3 Growth Stocks You Should Keep Your Eyes On

As the world's largest eyewear company with a market capitalization in excess of $20 billion, Luxottica Group boasts tremendous growth potential for a company of its size. It grew its revenue and earnings by a 10-year compound annual growth rate of 8.5% and 3.8%, respectively. Luxottica's recent growth trajectory is even more impressive, having increased its top and bottom lines by a CAGR of 11.6% and 19.8%, respectively, from 2009 to 2012. Looking ahead, Luxottica's growth prospects look promising, as it benefits from two key growth drivers.

Market growth
Luxottica derives its revenue equally from the sale of both sunglasses and prescription frames and lenses. There is genuine untapped demand for both product categories, based on research from the Vision Council of America and company's internal estimates.

With respect to sunglasses, four in five American customers have less than two pairs of sunglasses. This ratio is surprisingly low, considering the number of shirts, pants, dresses, shoes, and other fashion accessories that a typical consumer will own. It is intuitive that a consumer will want to have an additional pair of sunglasses to match with his or her clothes and other fashion accessories.


There is also significant up-selling potential. Only about 20% of customers buy premium sunglasses (above $50), while 30% of them buy polarized sunglasses, a category that has been in existence since 1936. Luxottica is well-positioned to capitalize on the move toward premiumization by virtue of operating exclusively in the premium-sunglasses category. Its brand portfolio includes, among others, Ray-Ban, a prominent sunglasses brand, and Oakley, a leading sports eyewear brand. Furthermore, Luxottica estimates that it earns an additional $50 for every upgrade to polarized sunglasses.  

In the optical category, the market dynamics are equally, if not more, attractive. An estimated 20 million American adults are undiagnosed, while 25% of children are unaware of their vision problems. Unlike sunglasses, prescription eyewear is a non-discretionary consumer product, as impaired vision affects people at work, in school, and throughout their everyday lives. 

Prescription eyewear shares similar demand drivers with the growing natural- and organic-food market, as both are driven by heightened awareness of health and wellness.
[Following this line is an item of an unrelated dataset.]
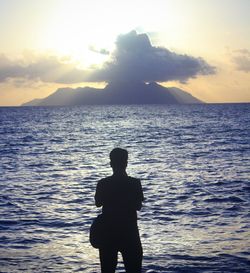 Silhouette man standing by sea against sky during sunset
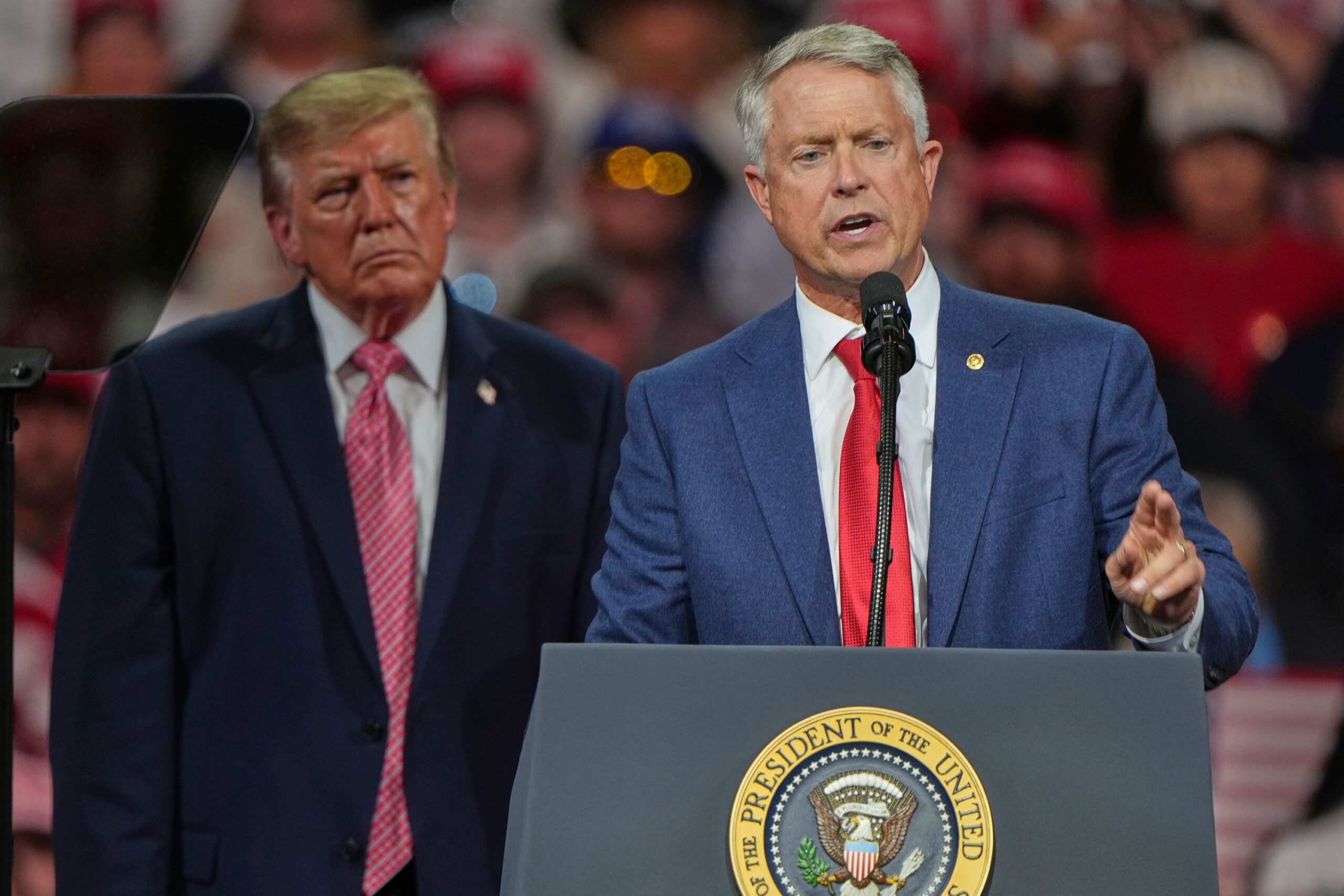 <i>Charlie Riedel/AP via CNN Newsource</i><br/>President Donald Trump listens as Sen. Roger Marshall speaks at a campaign rally in Park City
With an increasing emphasis on fighting obesity, preventive health, and gluten-free diets, the growth of the natural- and organic-food category has significantly outpaced that of the food-retail industry.

From 2008 to 2012, the natural- and organic-food category grew by a CAGR of 8.6% compared with 2.4% for U.S. supermarkets. Over the same period, Sprouts Farmers Market increased its revenue by a 17.1% CAGR. Spouts Farmers Market achieved this superior growth by positioning itself as a value-oriented natural- and organic-food retailer. By offering its products at a discount vis-a-vis other organic-food retailers, Spouts Farmers Market broadens its appeal to budget-conscious consumers and first-timers making the transition to organic-food diets.

A rising tide lifts all boats, and both Luxottica and Sprouts Farmer Market benefit from the underlying growth in their respective markets.

Asset-light growth 
Luxottica is moving toward a more franchising-focused strategy in a bid to grow its optical-retail operation Pearle Vision. In 2009, the split between company-operated stores and franchised locations was about 50-50. As of March 2013, franchised locations accounted for about 58% of Pearle Vision's store footprint. Luxottica has plans to add another 1,000 Pearle Vision stores in the next few years, of which the majority will be franchised.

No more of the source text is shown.